Teebomの店内には世界各国の品物が並ぶ

Teebomの店内には世界各国の品物が並ぶ

   フェアトレードとは、開発途上国の生産者が作った製品を公正に取引することで、途上国の人々の生活を助ける仕組みのこと。今井さんは、かつて直面した状況を解決するヒントがそこにあると考え、シドニー大学大学院でフェアトレードや社会的企業について学ぶことにした。修了後の10年7月、地元の静岡県にオープンしたのがフェアトレードショップ「Teebom(テーボム)」だ。約3坪の空間に、ペルー産の手編み・手織り物、スリランカの紅茶やスパイス、ケニアやガーナのバスケットなど、世界各国から仕入れた食品や雑貨が所狭しと並ぶ。世界フェアトレード連盟などに登録された280以上の生産者団体から生産者をえりすぐり、お客様に喜んでもらうための商品開発にも労力を惜しまない。

「既存品をそのまま輸入することはせず、顧客や周りの人たちの力も借りて試作を重ね、オリジナル商品を作り上げています。正式発注までに3年以上かかることもあります」

   フラットな関係性を築くため、現地には行かない主義。試作にかかるコストは前もって支払い、完成した商品はすべて買い取っている。

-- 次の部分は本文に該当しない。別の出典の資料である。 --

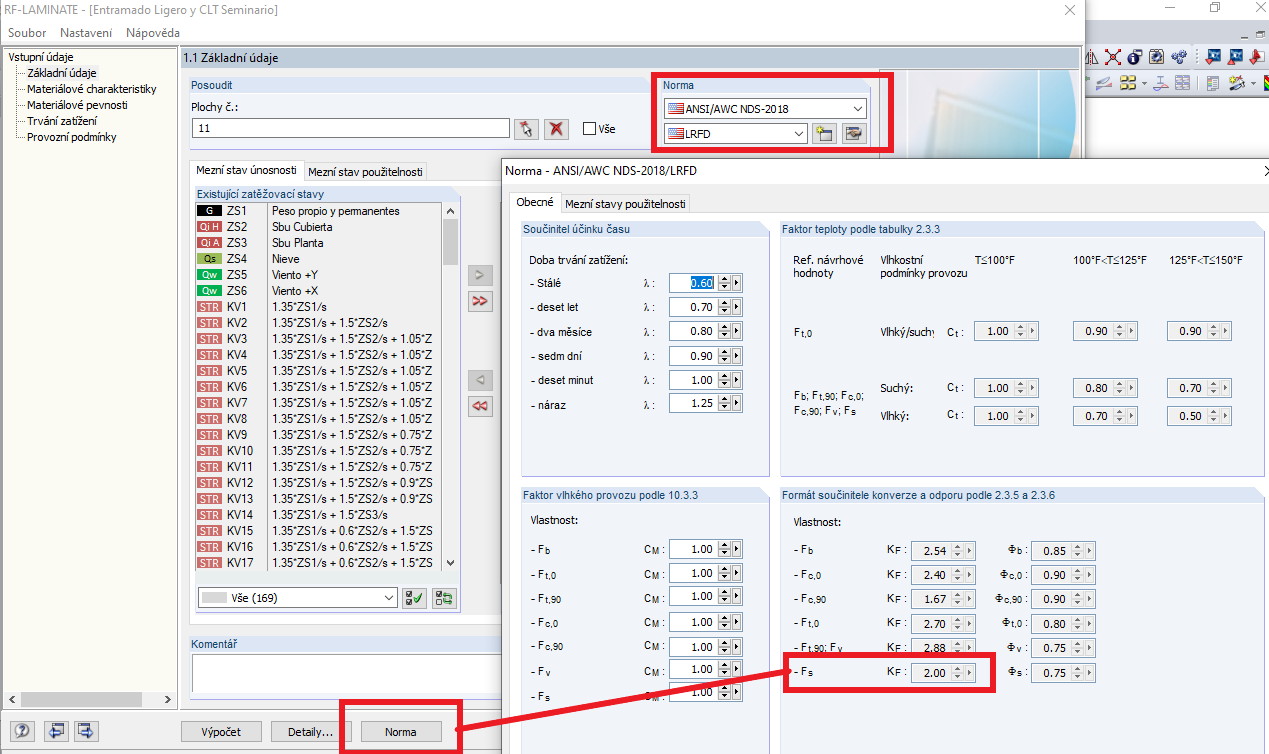 Součinitel konverze formátu, KF, při posouzení podle NDS 2018 a LRFD v modulu RF-LAMINATE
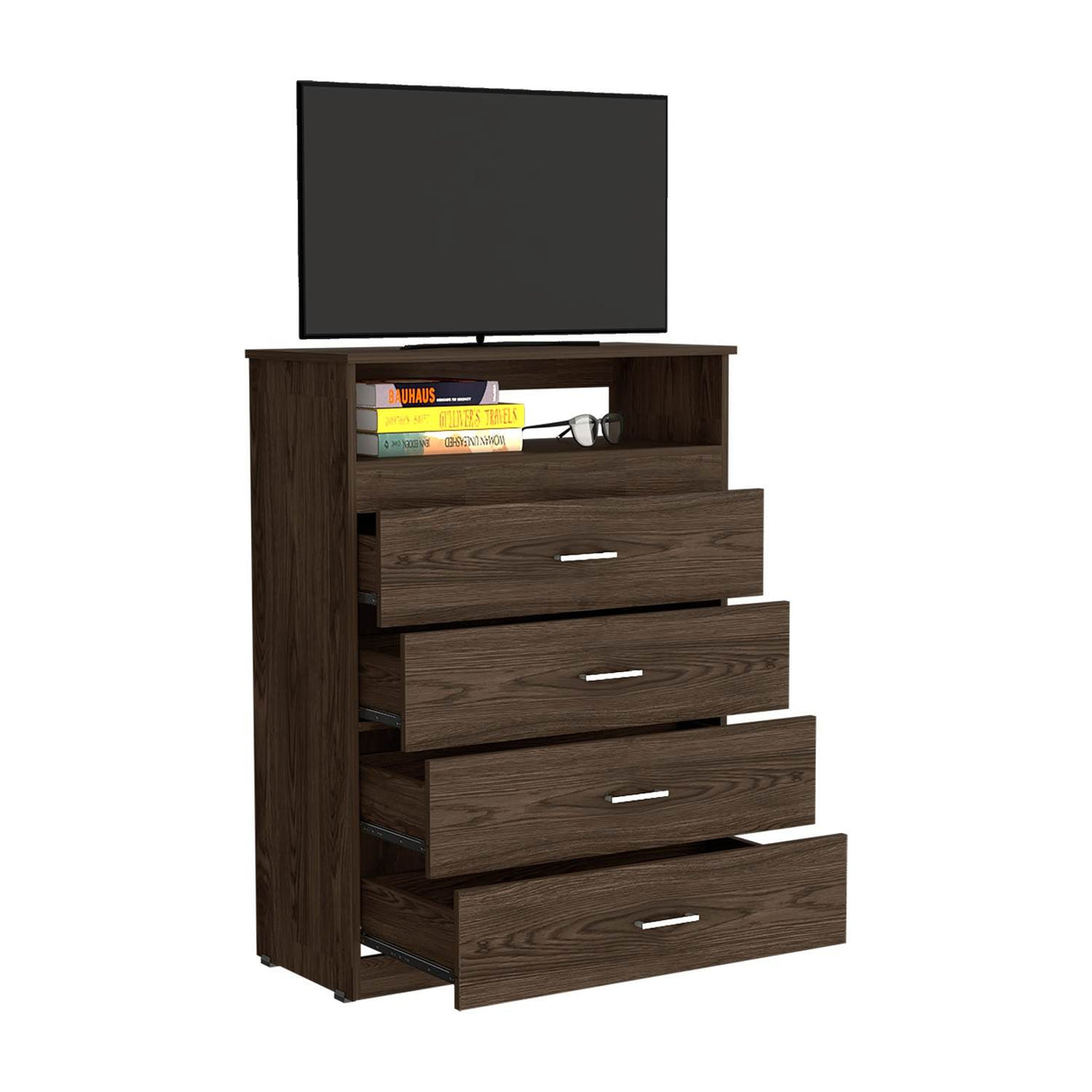 Cómoda Z Coñac 80x110cm De Cuatro Hileras con Cuatro Cajones - Cajoneras y Comodas | Bylmo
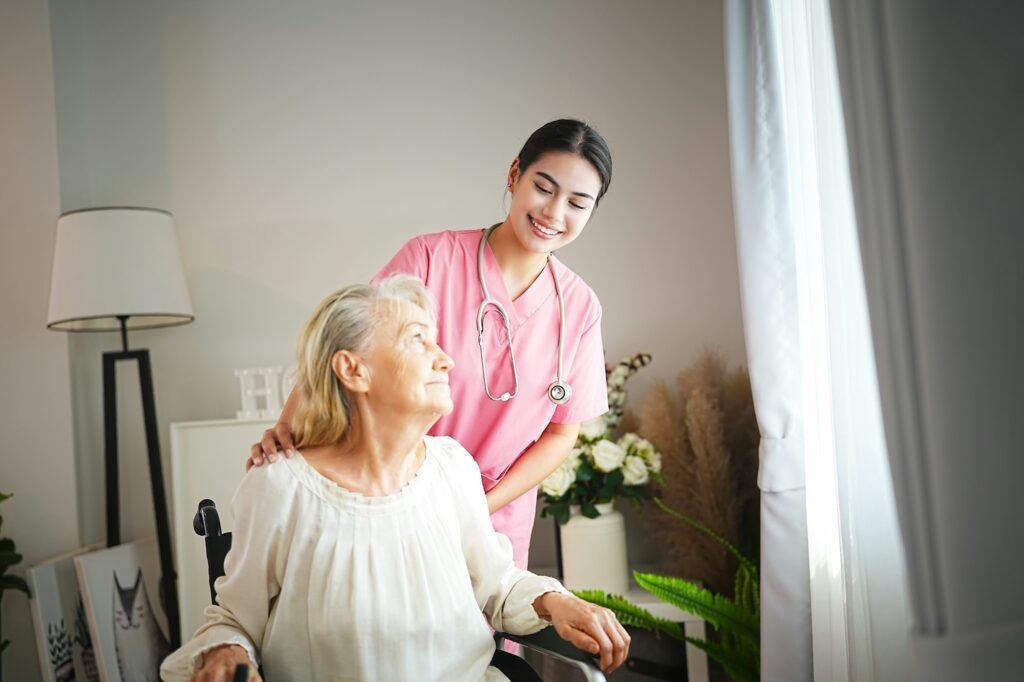 Dementia and Occupational Therapy , Home caregiver and senior adult woman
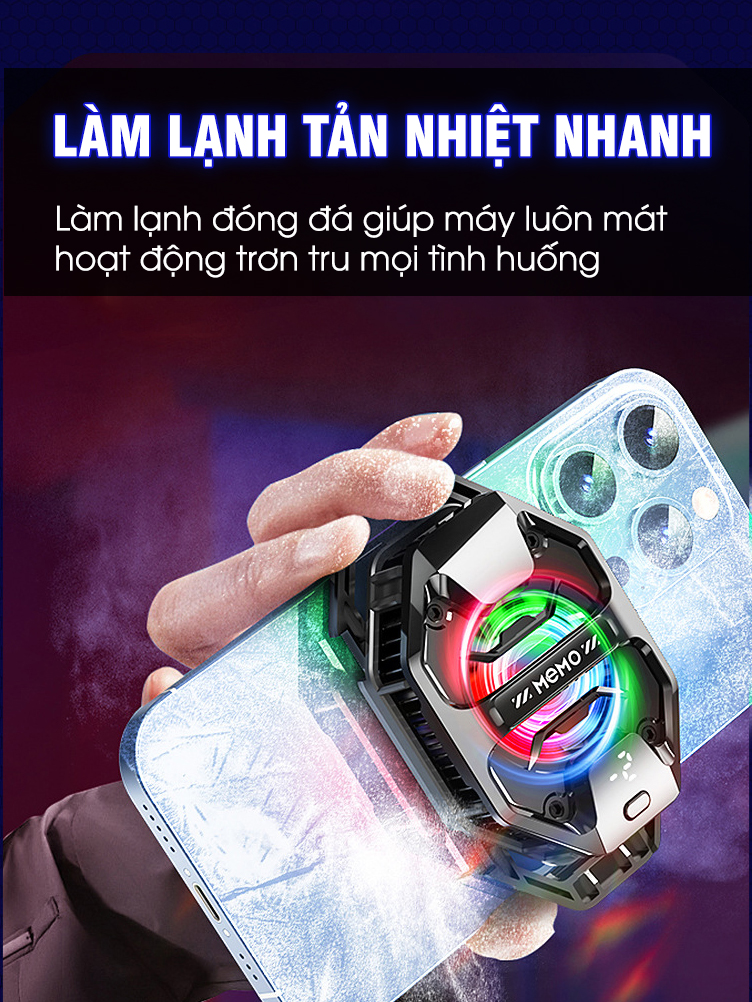Mô tả Quạt tản nhiệt sò lạnh AI 3 chế độ MEMO DL20 làm mát sâu đóng đá tăng FPS chơi game mobile liên quân FF COD - 8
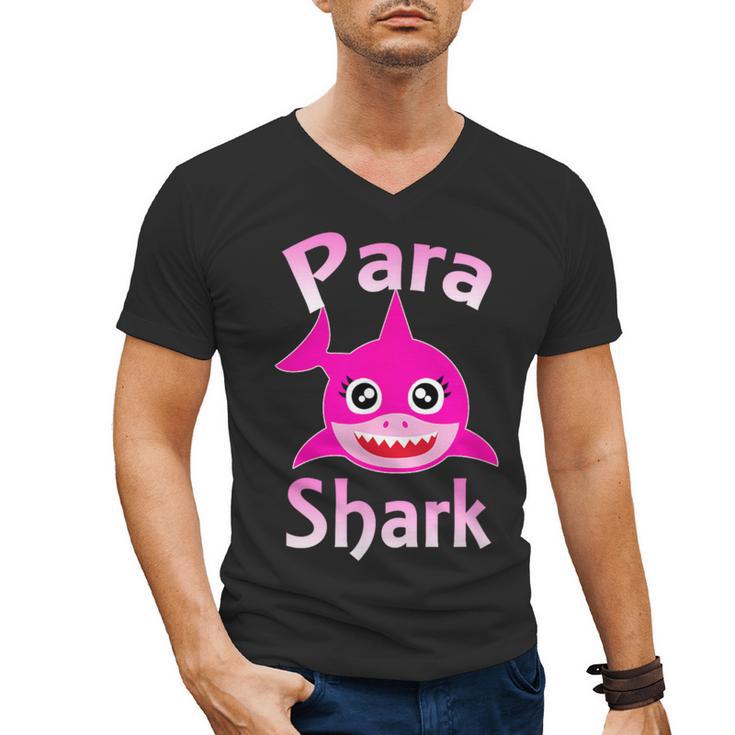 Para Shark Paraprofessional Female Teacher Men's V-Neck T-Shirt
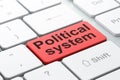 Political concept: Political System on computer keyboard background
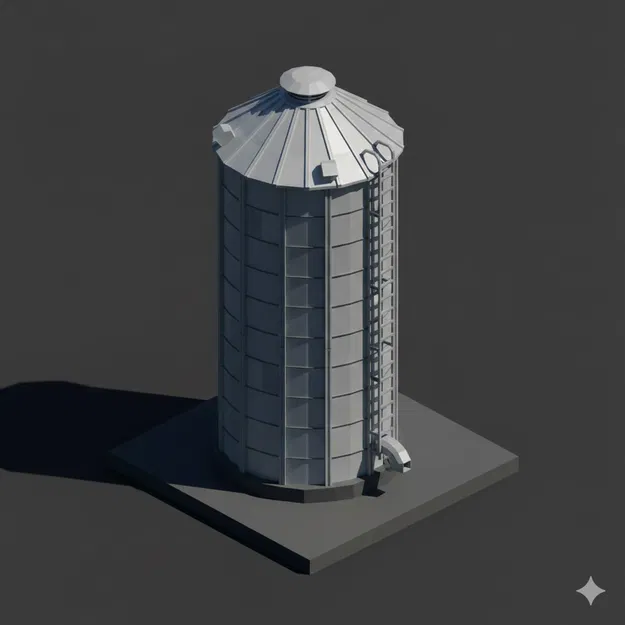 Silo Chứa Ngũ Cốc Low Poly - Image 1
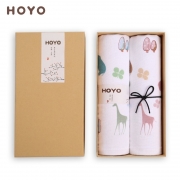 HOYO HOYO 7357 布艺印河马毛巾  樱花礼盒  33*74cm 绿粉 95g/套 2条/盒 计价单位:盒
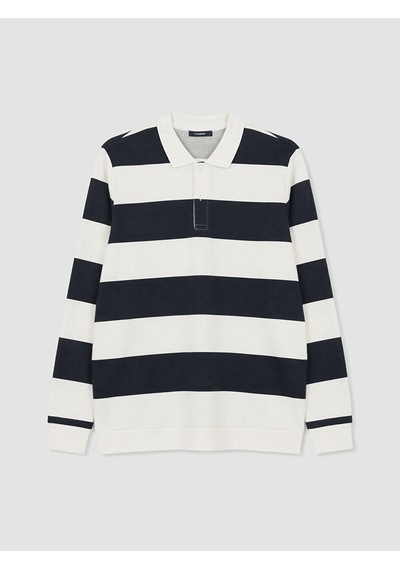 LC Waikiki Lc Waıkıkı Lacivert Polo Yaka Renk Bloklu Erkek Sweatshirt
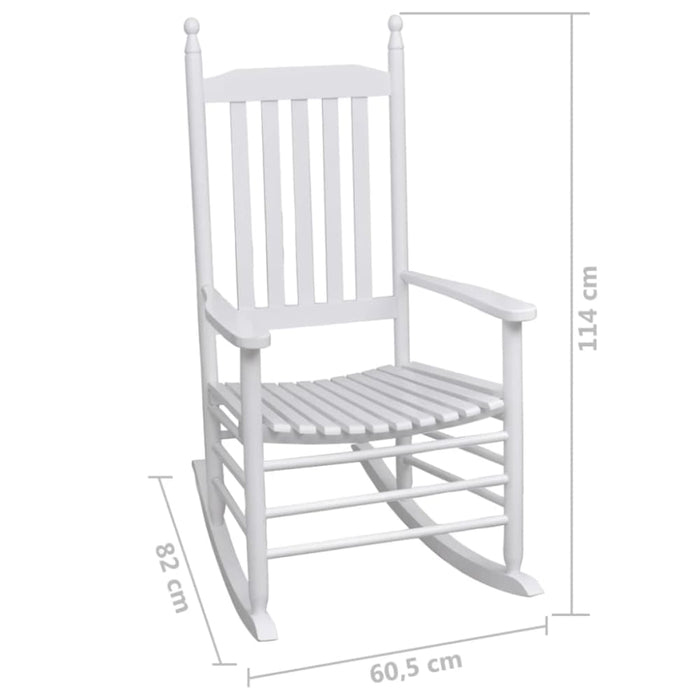 Rocking Chair with Curved Seat White Wood Gl1705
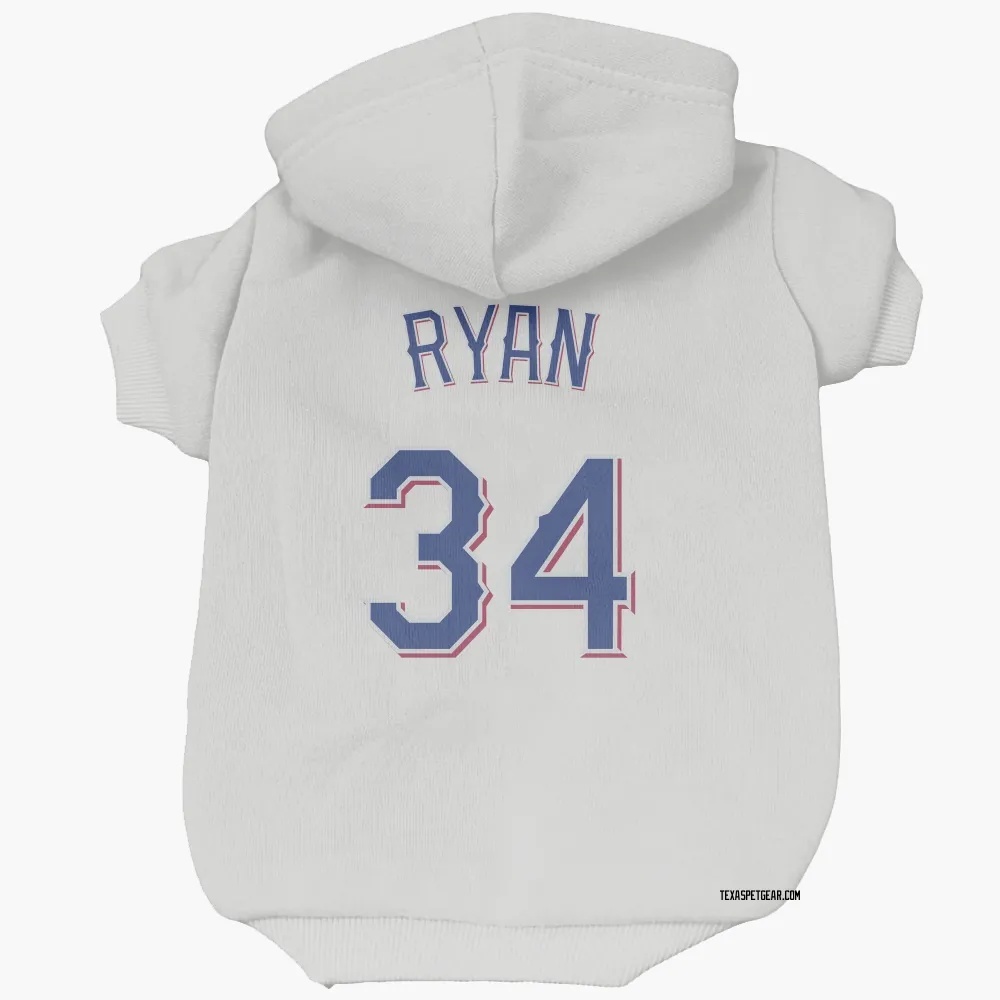 Texas Rangers Nolan Ryan White Pet Hoodie for Dog & Cat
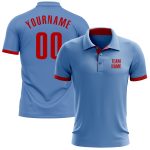 Custom Name and Number Golf Polo Shirt - Personalized Light Blue Red Performance Shirt Personalized Light Blue Red Performance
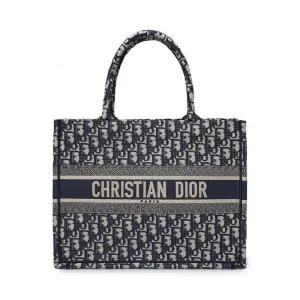 [중고명품] 네이비 오블리크 북 토트 미듐 토트백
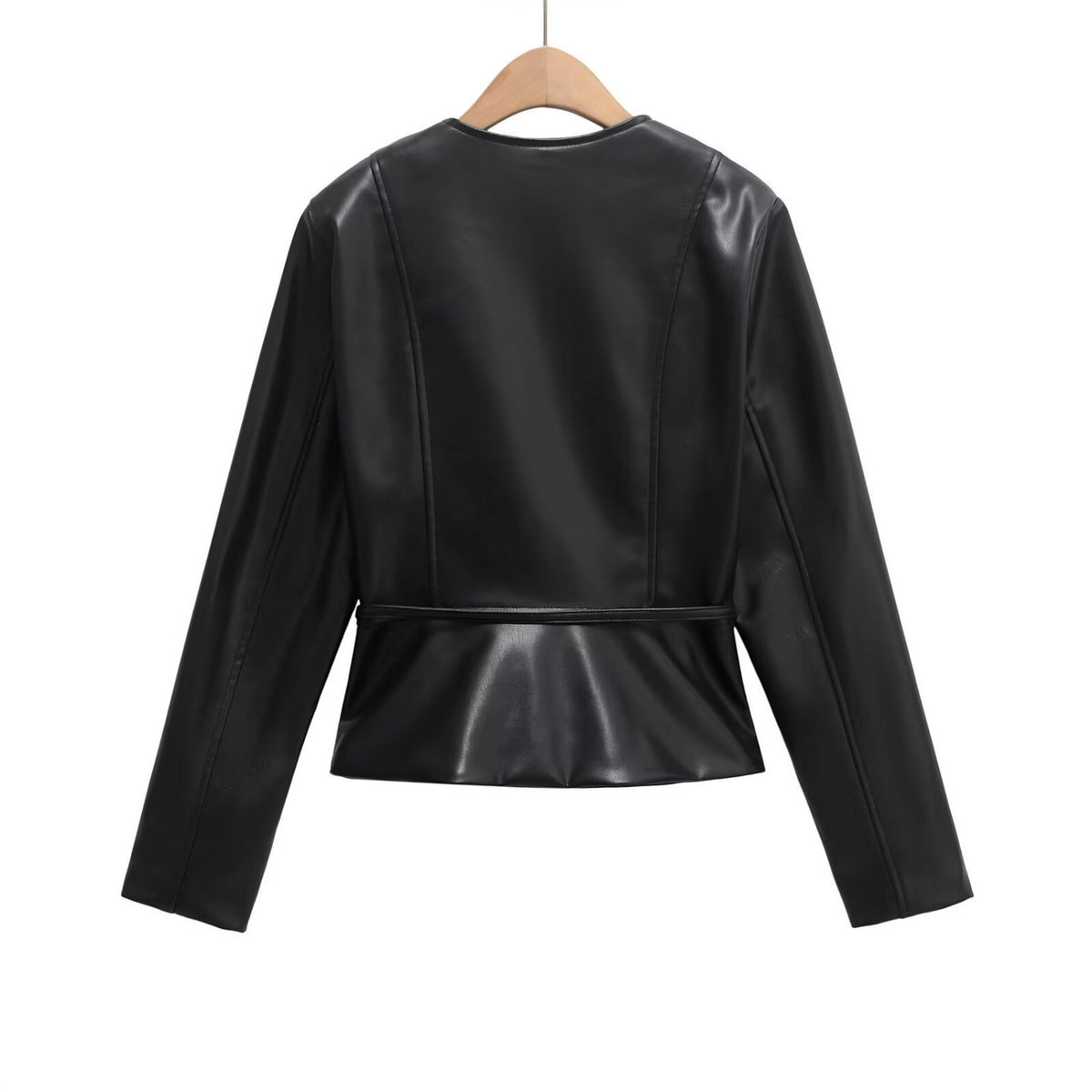 Women's Collarless Faux Leather Jacket with Zipper and Waistband Fashion Glam
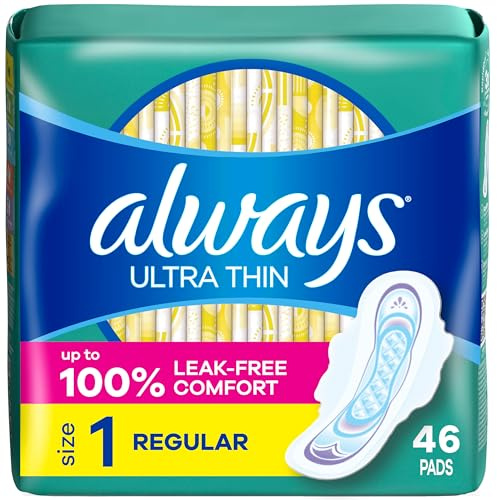 Always Ultra Thin Pads with Wings, Size 1, Regular, 46 Count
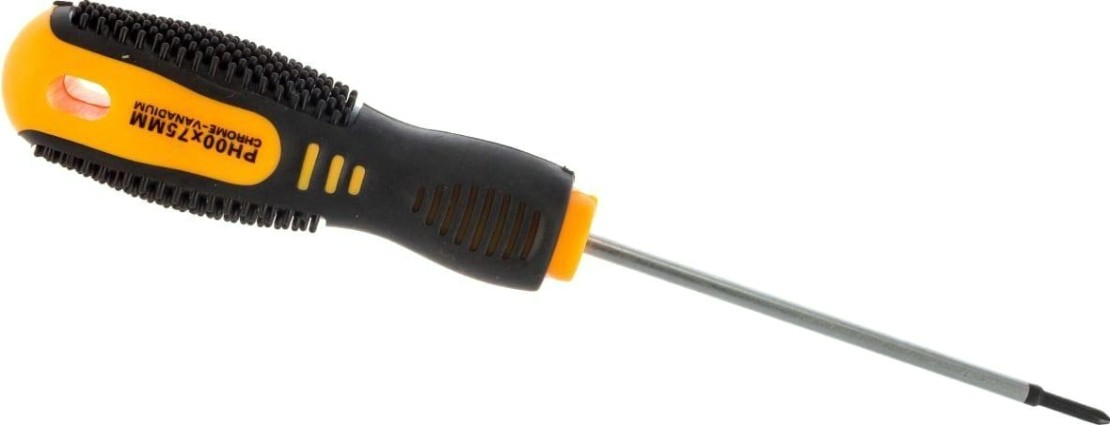 Отвертка крестовая REXANT PH 00х75 мм Cr-V двухкомпонентная рукоятка [12-6401]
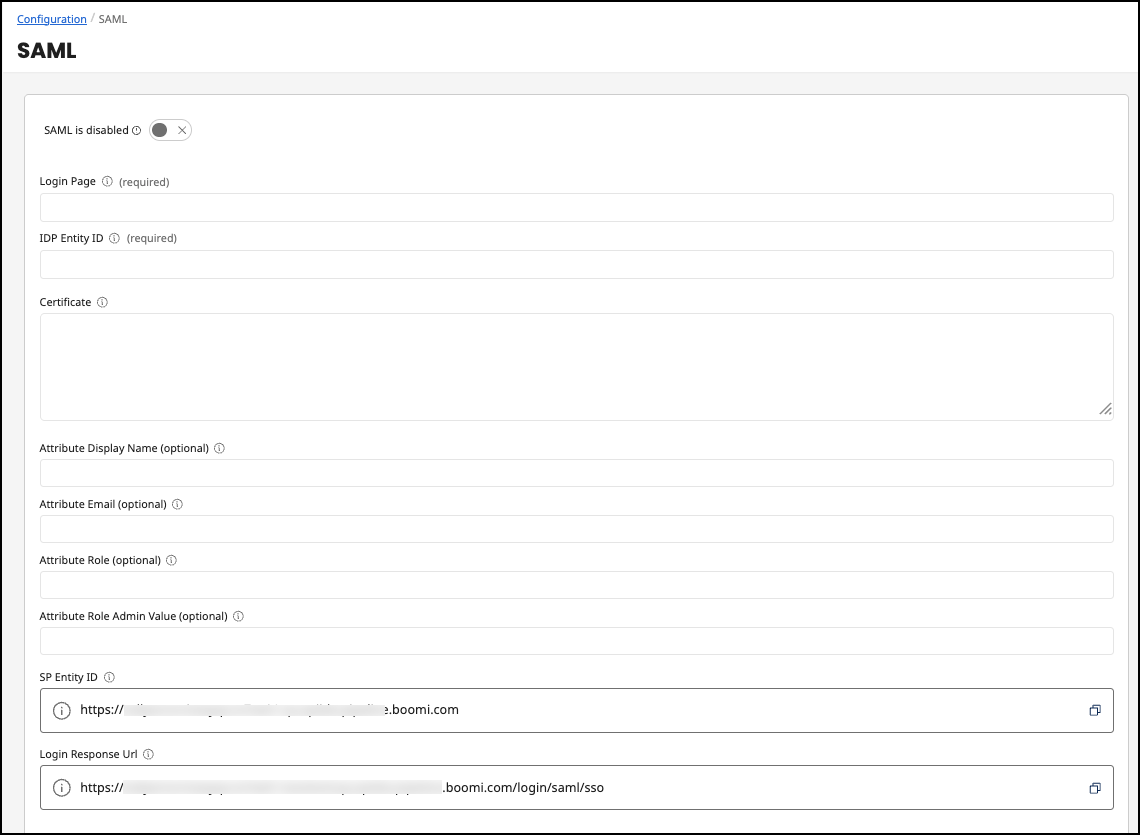 Administration Portal - Configuration - SAML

2014年からは静岡大学の非常勤講師として「NPOボランティア論」や「フードシステムデザイン論」の講義を行っている

2014年からは静岡大学の非常勤講師として「NPOボランティア論」や「フードシステムデザイン論」の講義を行っている

「たくさんの在庫を抱えてしまうこともありますが、勉強代として受け入れています(笑)」。試作がうまくいかず、ペルーの編み物生産者を日本へ招待し、日本の国柄やこだわりの理由を伝えたこともある。今では商品の完成度が大幅に高くなった。

   開業当時、日本国内のフェアトレード小売店の平均寿命は2年程度というデータもあったが、その中で今井さんは20年間続けるという目標を掲げ、今年で13年目を迎えた。「頑張ってくれている生産者のためにも、長く続けていくことを考えています。自分に負荷をかけ過ぎず、長い目で見て諦めないことが肝心です」。

   ライフワークを見つけた今井さんは、今日もお店のシャッターを開ける。国籍も人種も境遇も超え、信頼する生産者とお客様をつなぐために。

今井さんの歩み

1965年、東京都生まれ、静岡県育ち。

1988年、NTTに総合職で入社。

1993年12月、協力隊に現職参加し、スリランカへ。

忙しい部署だったので直属の上司には反対されましたが、さらに上の上司が社長決裁を取ってくれました。現地では、NTTから支援を得て、村の青年たちが電柱を建てる手伝いもしました。

1996年1月、NTT復職。その後、スリランカテレコムへ出向する。

隊員時代に取り組んだパッチワーク商品の取引条件が悪くなっていることを知り、個人的に商品を買い取って現地の邦人に配ったりもしましたが長くは続きませんでした。

2000年11月、NTTコミュニケーションズを退職し、アルプス技研入社。スリランカ現地法人Altech Lanka Pvt Ltd.に出向し、スリランカやミャンマーでソフトウェア開発の請け負いなどの新規事業を立ち上げる。

2005年3月、アルプス技研退職。

ハードワークで体を壊し、退職して入院しました。療養期間中にミャンマー総合研究所とコンサルティング契約を結び、ヤンゴン大学大学院のプロジェクトマネジメントコースの準備に関わりました。

2005年12月、JICAサモア事務所で企画調査員(ボランティア事業)として働き始める。

途上国の人々のためになるスキームを改めて考えたくて、再び国際協力の分野に携わりました。

2008年2月、シドニー大学大学院入学。

2010年7月、フェアトレードショップTeebom開業。

自分が関わっている生産者にはどんな荒波の中でもやっていける力をつけてほしい。お客様ともフェアでいたいので、ちゃんと生産者や商品を理解して、手に取ってくださる方を大事にしています。